» **WORK REQUEST**
With pictures excluded, copy word for word the lines in the data below from the line containing "Hi, I'm working" through the line containing "Welcome back guys, here".
====== ENTRIES SHOWN ======
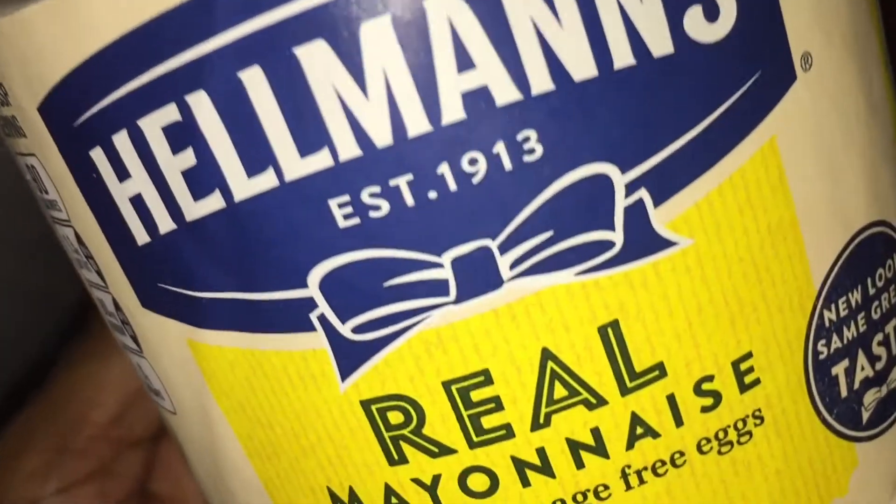I recently came across an article that claimed you could fix imperfections in your hardwood floor with mayonnaise. It sounded too good to be true, but I have a hardwood floor in my pantry with some deep scratches, and I have mayonnaise in the refrigerator, so I decided to put it to the test.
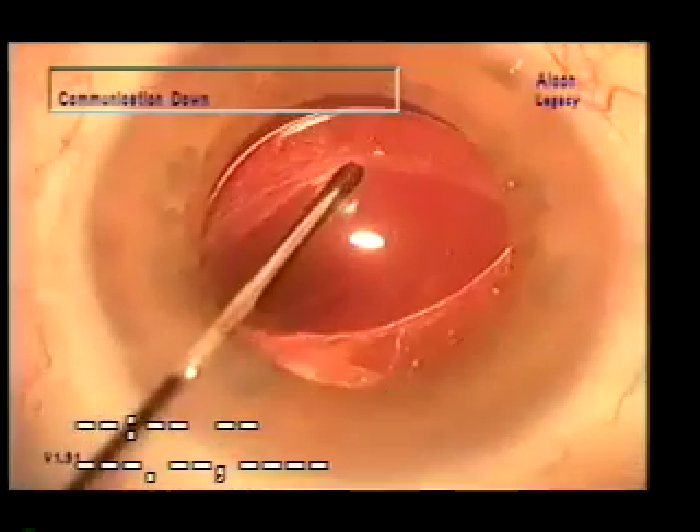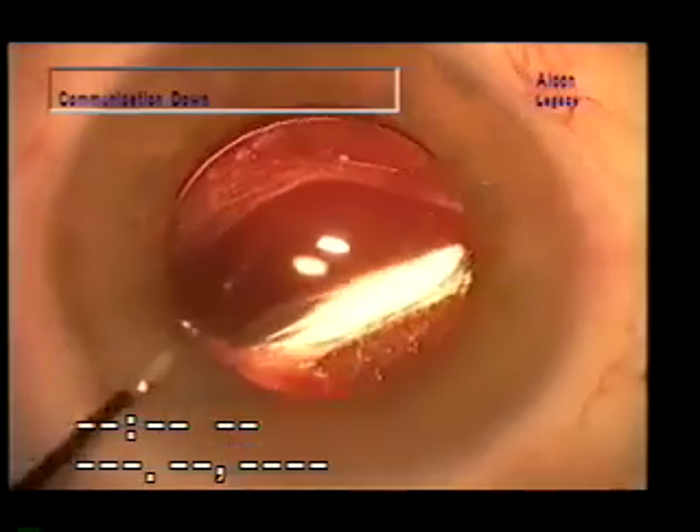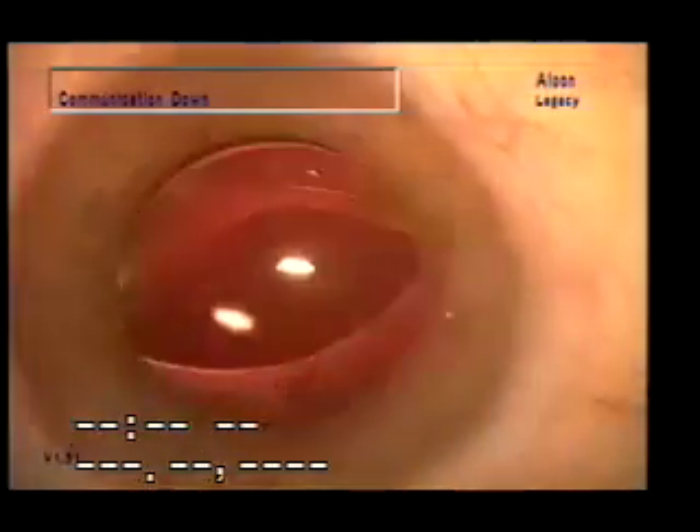Demonstrating here that the membrane is on top of the lens — the lens is now behind the membrane but the haptics are still in front of the membrane. Here's the slit lamp appearance one day postoperatively: no pseudophacodonesis.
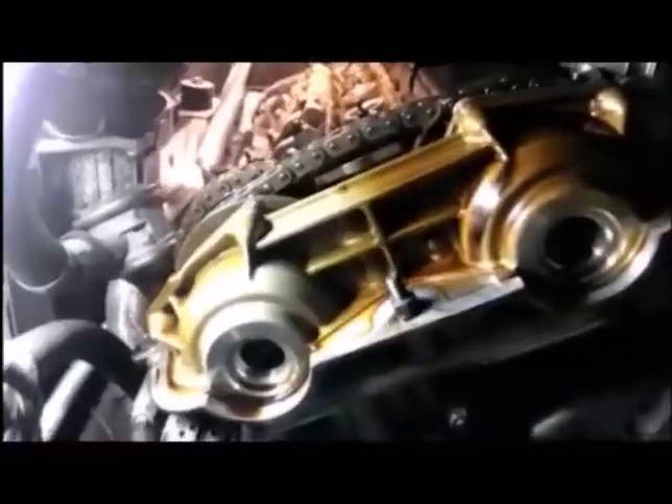Hi, I'm working on removing my VANOS unit and while doing so I ran into a couple of tricky things to deal with that I wish I had known before I started, one of which required a trip to Harbor Freight for a tool I'll show you in a minute.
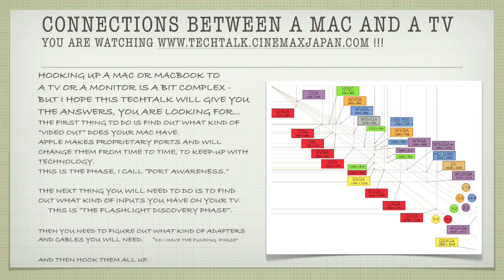The first thing to do is to find out what kind of video output your Mac has. Apple makes proprietary ports and will change them from time to time to keep up with technology — I call this phase 'port awareness.' The next thing is to find out what kind of inputs you have on your TV, which is the 'flashlight discovery phase.' Then you'll need to figure out what kind of adapters and cables you'll need — this is the 'do I have the funding' phase.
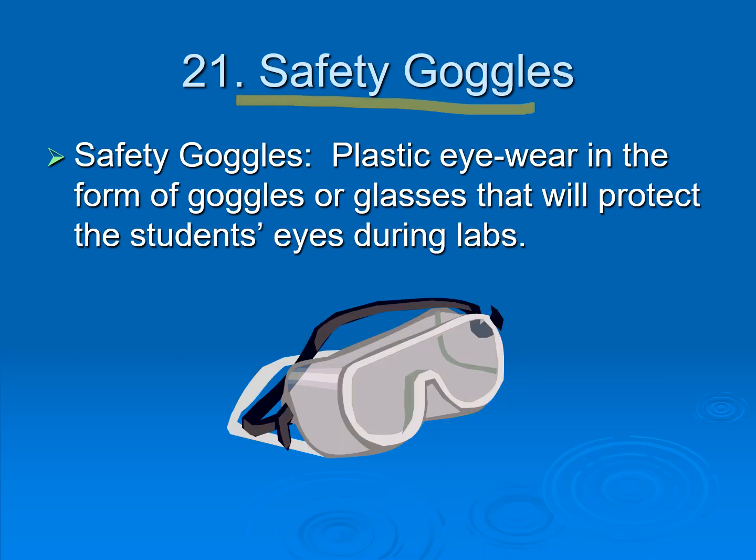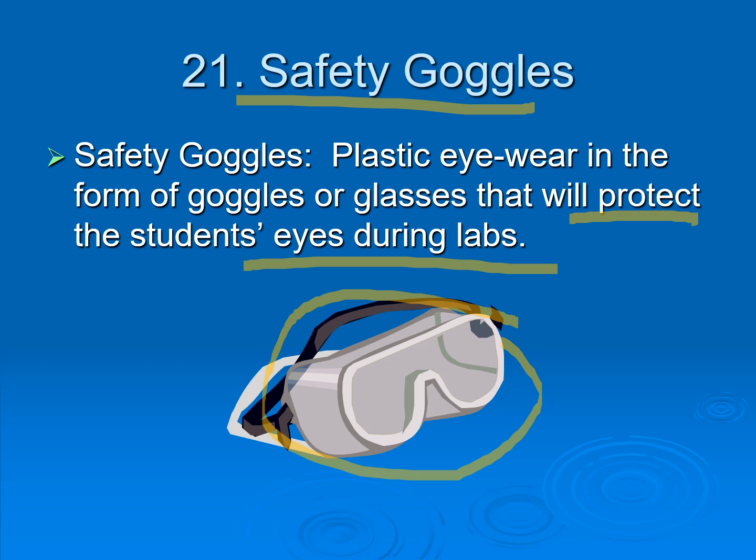Next is safety goggles. Safety goggles are used to protect your eyes during laboratory exercises or activities. There is always a risk that chemicals may splash into your eyes, which could cause blindness. So the purpose of safety goggles is to protect your eyes during laboratory work.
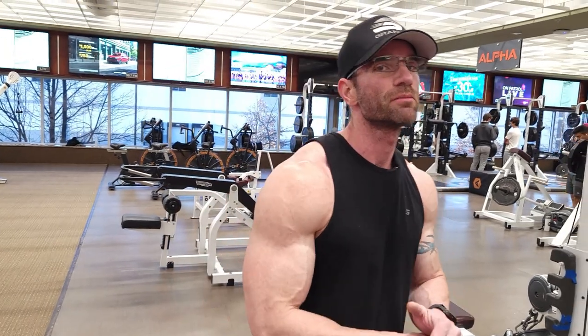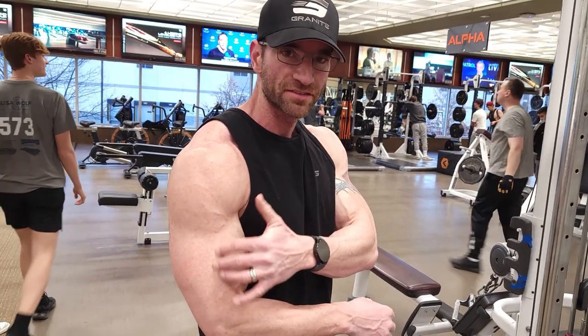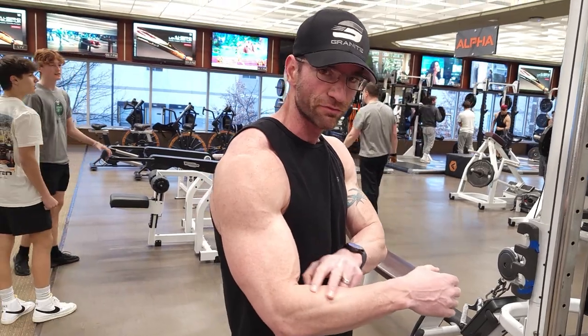Hi guys. I'm going to show you one of my favorite bicep exercises right now. We're going to do the rope hammer curl. This is actually not so much for the bicep itself, but for the brachialis on the side of the arm and the brachioradialis of the forearm.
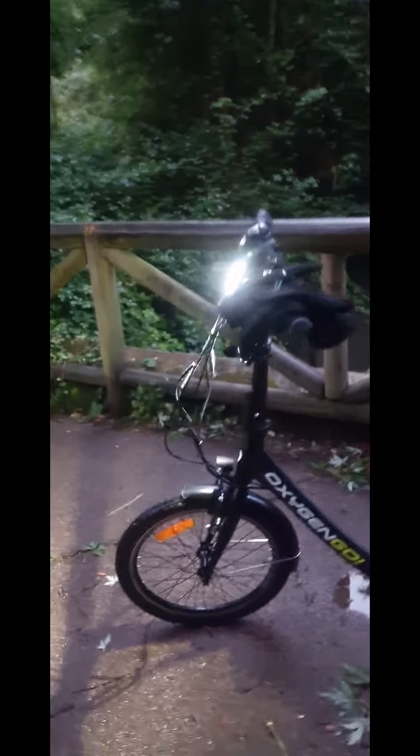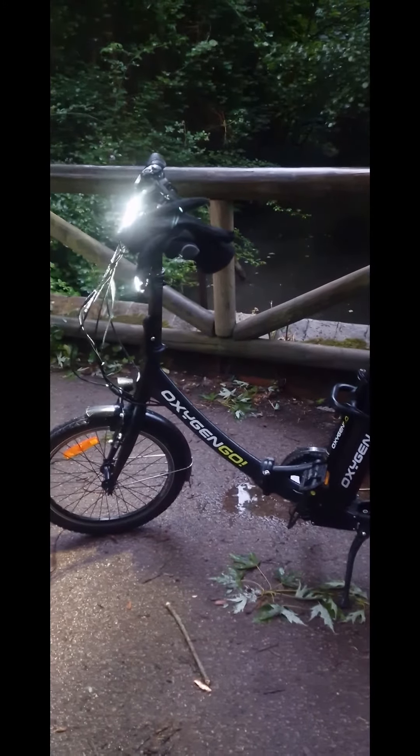Welcome back guys, here we are down in the local park by me and I just simply love riding this bike — it's absolutely superb to ride, very smooth, very powerful indeed for a fold up bike. Very very impressed.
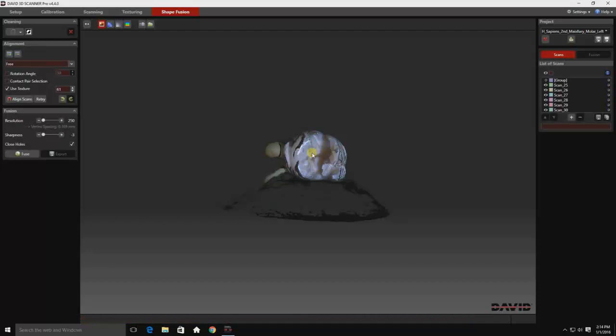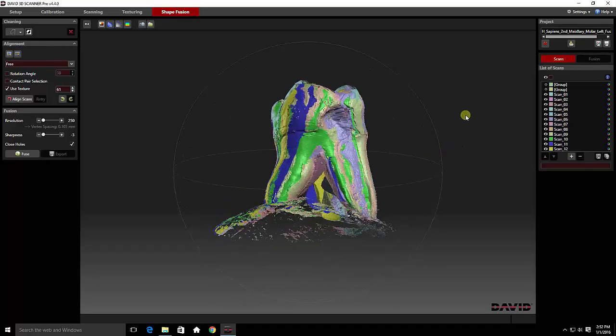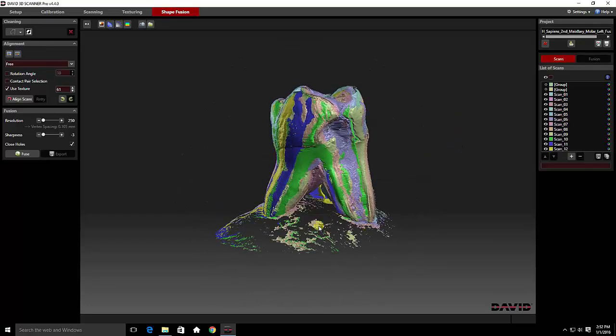Now that we've completed scanning the top portion of the tooth, we'll combine all of the new scans into their own group. I do this by highlighting all the groups, unselecting the one group I already have, right-clicking on the red field, and selecting combined scans.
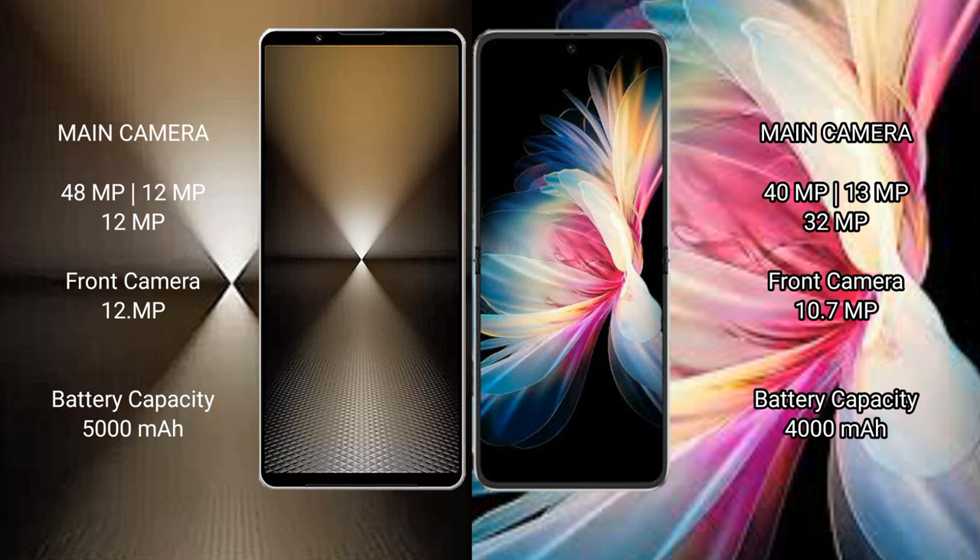Huawei P50 Pocket features a triple camera setup: 40MP plus 13MP plus 32MP rear cameras, and a 10.7MP front camera. Sony X-Player 1 Mark 6 has a 5000mAh battery with 30W fast charging support.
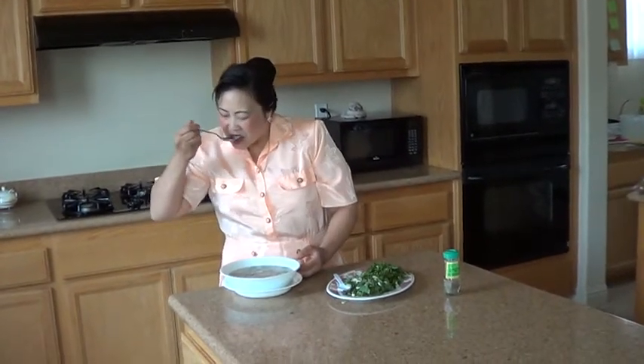Let me try. Oh, hot. Good now. Very, very good.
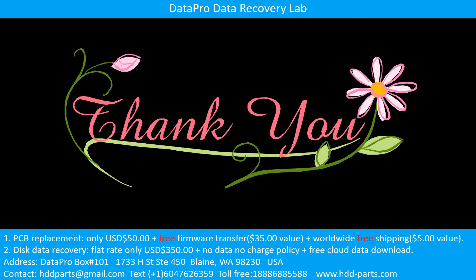Thank you so much for taking your precious time to watch my video. Any comments are really appreciated. If this video is a little bit of help, could you please click on like to support me? Thank you again. Bye.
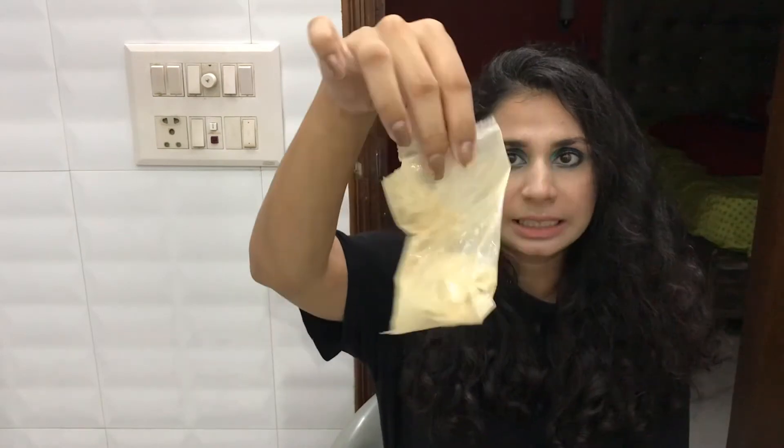Orange peel powder — the oranges which we eat, the peels which we dry and grind down into powder, that is the orange peel powder. This looks something like this. I have shared a lot of DIYs with you, so if you want you can check them on my channel in the home remedies playlist.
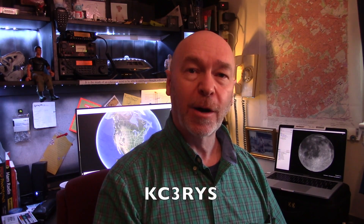Hi everyone, it's Bill. As a new amateur radio operator, you've probably heard a lot about repeaters. You may not be sure what a repeater is, how it works, or what it's supposed to do.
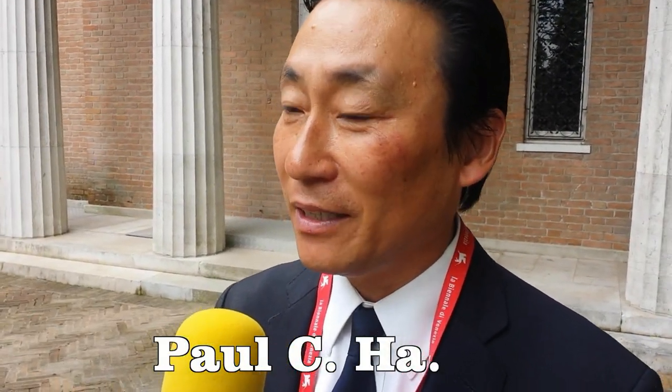You are the creator of this pavilion, the American Pavilion. Yes. Your name, please? It's Paul. We've been here in Venice for six weeks installing the exhibition, and for a year and a half the artist Joan Jonas has been working in the studio making the videos.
======
» **SOLUTION**
Hi, I'm working on removing my VANOS unit and while doing so I ran into a couple of tricky things to deal with that I wish I had known before I started, one of which required a trip to Harbor Freight for a tool I'll show you in a minute.
The first thing to do is to find out what kind of video output your Mac has. Apple makes proprietary ports and will change them from time to time to keep up with technology — I call this phase 'port awareness.' The next thing is to find out what kind of inputs you have on your TV, which is the 'flashlight discovery phase.' Then you'll need to figure out what kind of adapters and cables you'll need — this is the 'do I have the funding' phase.
Next is safety goggles. Safety goggles are used to protect your eyes during laboratory exercises or activities. There is always a risk that chemicals may splash into your eyes, which could cause blindness. So the purpose of safety goggles is to protect your eyes during laboratory work.
Hi guys. I'm going to show you one of my favorite bicep exercises right now. We're going to do the rope hammer curl. This is actually not so much for the bicep itself, but for the brachialis on the side of the arm and the brachioradialis of the forearm.
Welcome back guys, here we are down in the local park by me and I just simply love riding this bike — it's absolutely superb to ride, very smooth, very powerful indeed for a fold up bike. Very very impressed.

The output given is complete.